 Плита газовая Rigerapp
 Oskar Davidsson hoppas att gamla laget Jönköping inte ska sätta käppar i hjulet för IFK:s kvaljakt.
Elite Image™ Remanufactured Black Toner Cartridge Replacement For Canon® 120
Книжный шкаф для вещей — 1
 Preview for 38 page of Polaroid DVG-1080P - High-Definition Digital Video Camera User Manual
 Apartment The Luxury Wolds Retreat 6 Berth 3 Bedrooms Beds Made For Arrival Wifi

:::

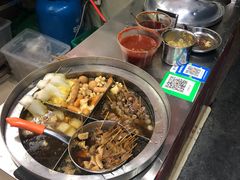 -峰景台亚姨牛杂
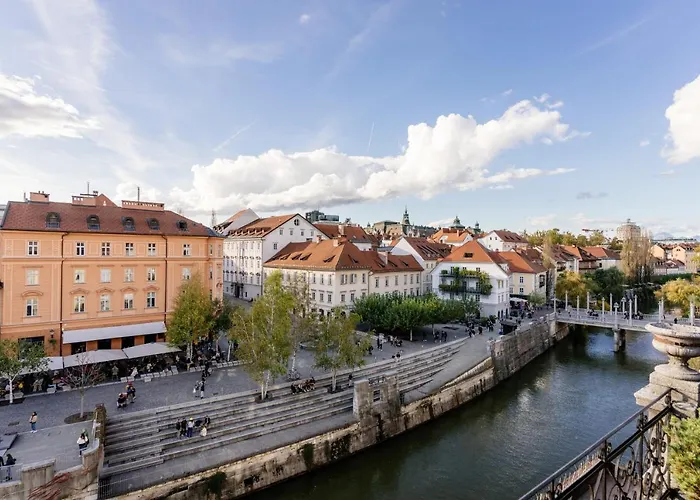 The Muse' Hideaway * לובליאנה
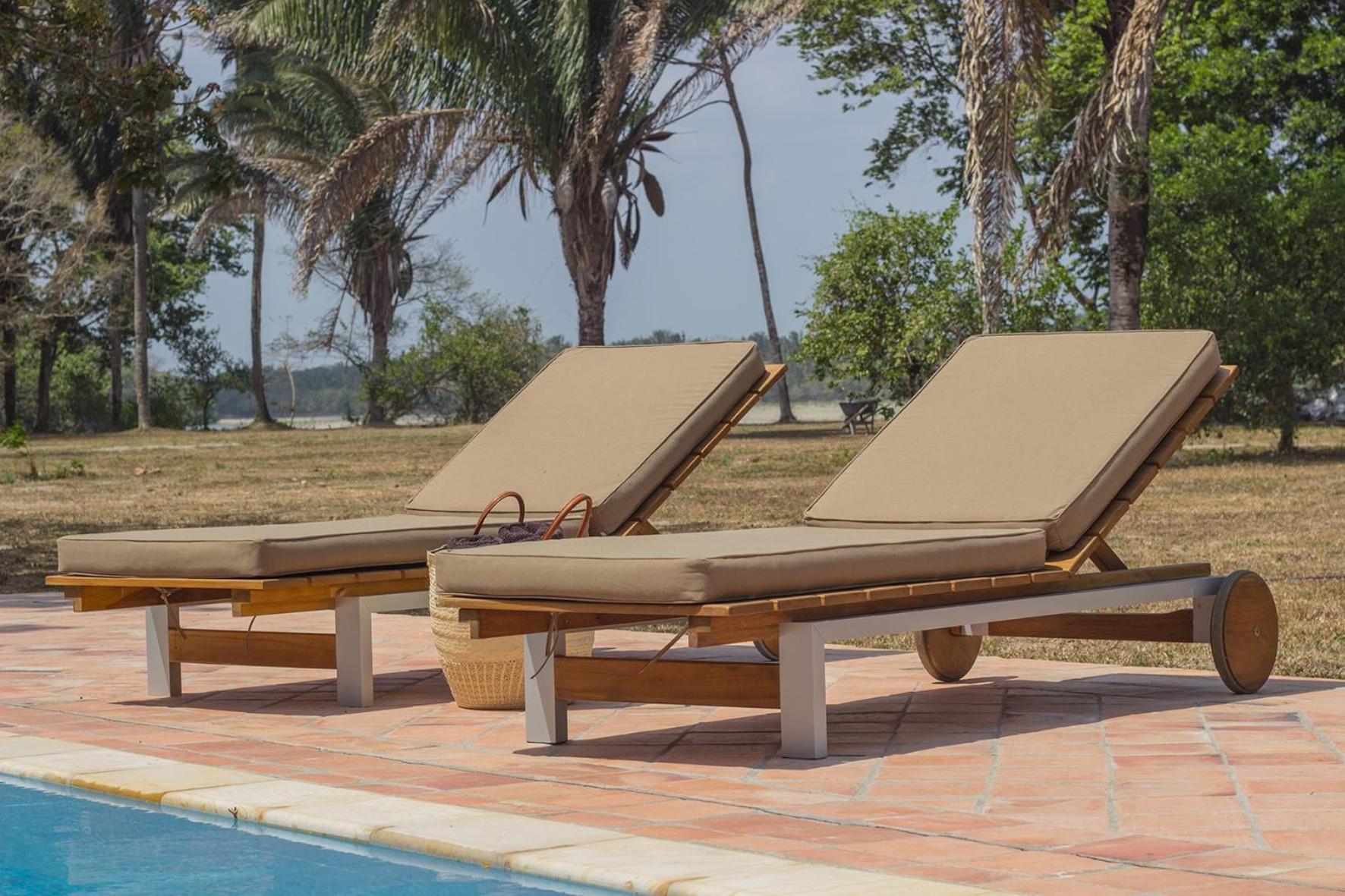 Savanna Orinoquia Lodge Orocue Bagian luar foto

:::

The task:
After locating the line with "Плита газовая Rigerapp" in the material above, return it and each line after it exactly, ending at the line with "Apartment The Luxury".

Answer for this exercise:
 Плита газовая Rigerapp
 Oskar Davidsson hoppas att gamla laget Jönköping inte ska sätta käppar i hjulet för IFK:s kvaljakt.
Elite Image™ Remanufactured Black Toner Cartridge Replacement For Canon® 120
Книжный шкаф для вещей — 1
 Preview for 38 page of Polaroid DVG-1080P - High-Definition Digital Video Camera User Manual
 Apartment The Luxury Wolds Retreat 6 Berth 3 Bedrooms Beds Made For Arrival Wifi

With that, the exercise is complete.